The CA framework makes an additional prediction: once a city has established itself as a node, the local positive feedbacks that created it continue to reinforce it, and displacing it through policy is extraordinarily difficult. The obverse is equally telling: cities built in deliberate isolation — without an existing positive feedback network to attach to — tend to stagnate regardless of investment. Naypyidaw, Myanmar’s purpose-built capital relocated to an empty plateau in 2005, remains a largely vacant administrative shell despite massive state expenditure; Egypt’s New Administrative Capital, begun in 2015 to relieve pressure on Cairo, has struggled to draw residents and businesses away from the established node it was meant to replace. The positive feedbacks that made Cairo Cairo do not transfer by decree. Attempts that succeed — Canberra, Brasília — are partial exceptions that tend to confirm the rule: both remain significantly smaller than the established urban centers they nominally parallel, and both required decades of mandated government presence to reach even modest critical mass.

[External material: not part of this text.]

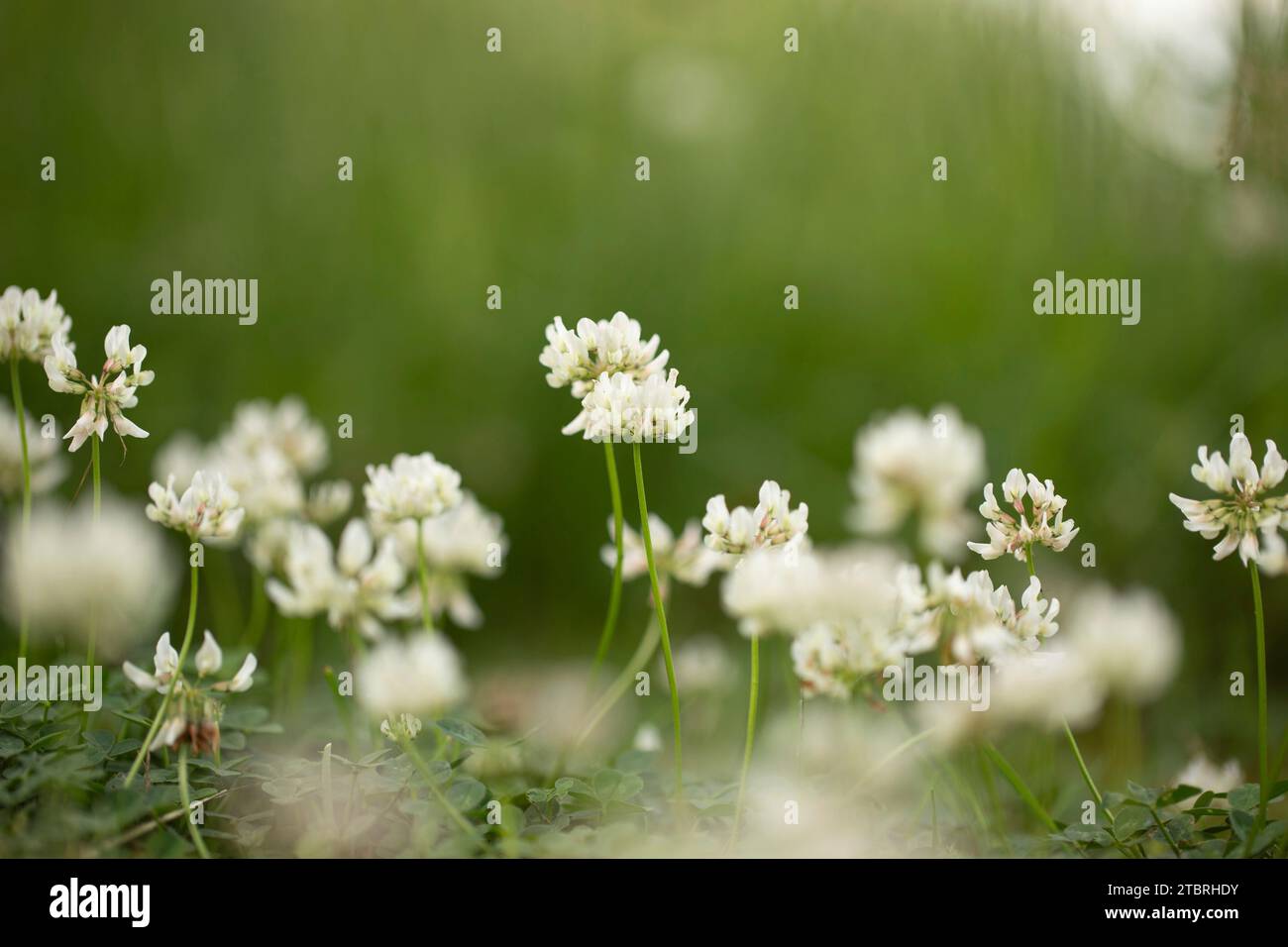 White Clovers fiorisce, primo piano, estate Foto Stock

This is the spatial CA of demography. It is not a metaphor; it is the actual mechanism.
The Result Schelling Could Not Prove
Schelling’s 1971 checkerboard model established the founding result of spatial population dynamics: local rules that are individually mild in their implications can produce global patterns of dramatic intensity.
But Schelling worked with a checkerboard and pennies. He could not explore parameter space systematically. He could not ask: at what threshold of local preference does segregation appear? Is the transition gradual or sharp? Does noise — random movement — change the outcome?

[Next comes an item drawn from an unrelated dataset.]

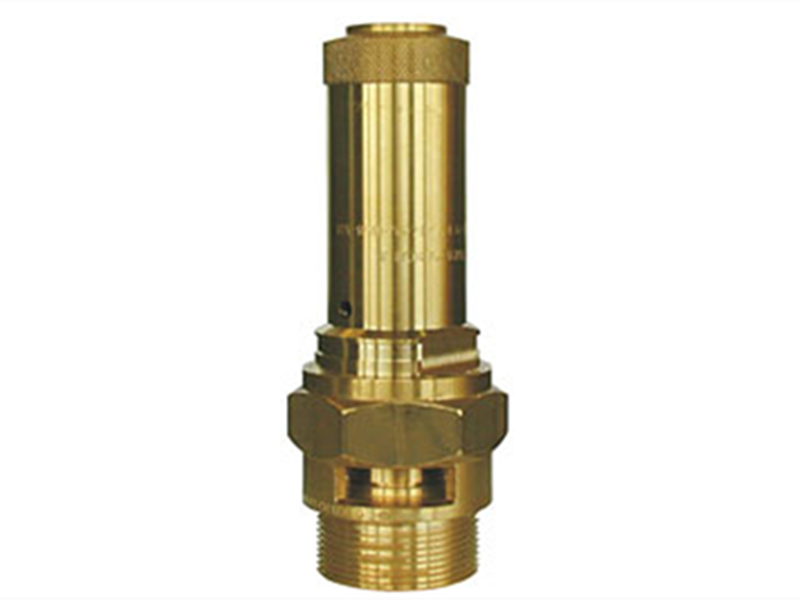 Safety valve (06205, 06216, 06217)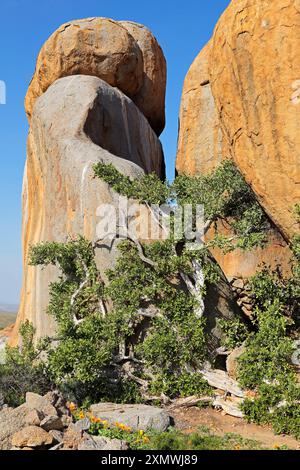 A laurel fig (Ficus ilicina) growing on a granite rock, Namaqualand, South Africa Stock Photo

Subsequent CA models provided the answers. The transition from mixed to segregated outcomes in Schelling-type models is sharp: it has the character of a phase transition. Below a critical tolerance threshold (roughly one-third similar neighbors required for satisfaction), the system remains mixed with small perturbations. Above this threshold, the system undergoes a rapid reorganization into segregated clusters. This result is robust across a wide range of model specifications and has been confirmed in many independent implementations.

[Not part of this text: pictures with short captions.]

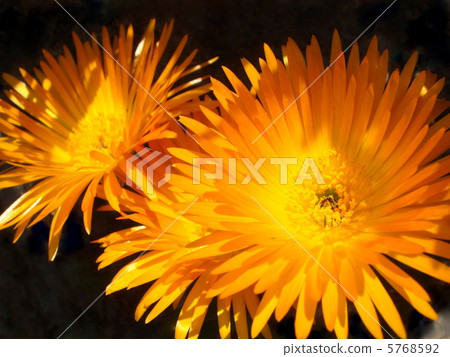 Matsubagiki (Orange) 5768592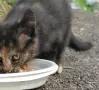 Търсим дом на това слънчице, снимка 3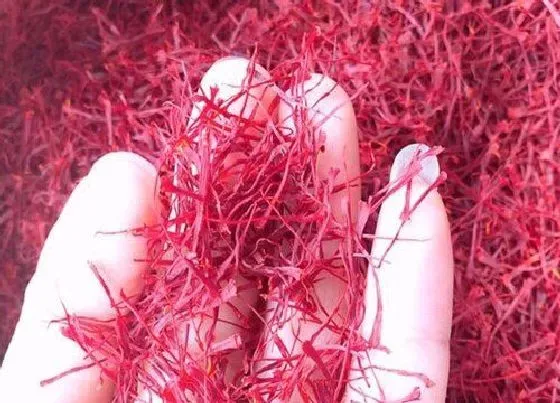 植物常识问题|藏红花怎么辨别真假好坏 如何挑选正宗的藏红花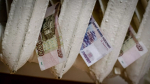В Башкирии резко подорожает всё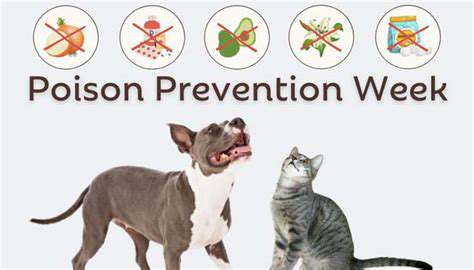 Tips for Recognizing Poisoning Symptoms in Pets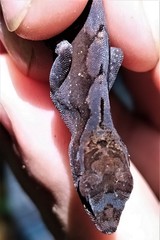 Anolis granuliceps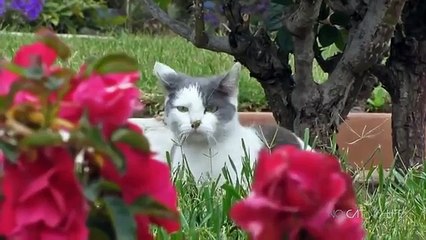 Funny Cats Video Compilation 2017 - Try not to laugh challenge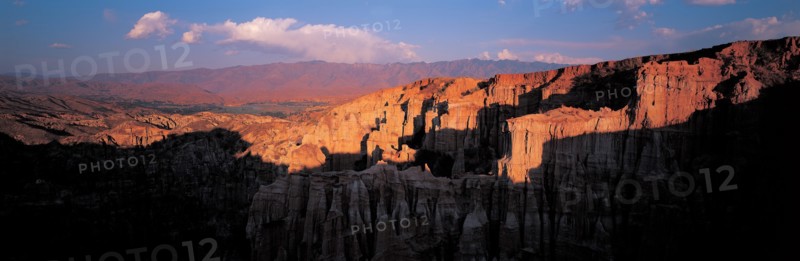 La forêt de Terre de Yuanmou, dans la province de Yunnan, Chine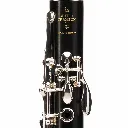 Clarinete Profesional en Bb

The policy implication is direct. If the segregation phase transition occurs at a low tolerance threshold — if only mild in-group preference is needed to produce strong segregation — then reducing segregation requires either reducing that preference (a long social project) or increasing the mixing probability (affirmative housing policies that directly modify the local rules). The CA model specifies the intervention point precisely: you need to change the local rule, because the global pattern is entirely determined by the local rule.
This is the power of spatial population modeling. It does not just describe demographic patterns; it identifies the mechanisms that produce them and the leverage points at which those mechanisms can be changed.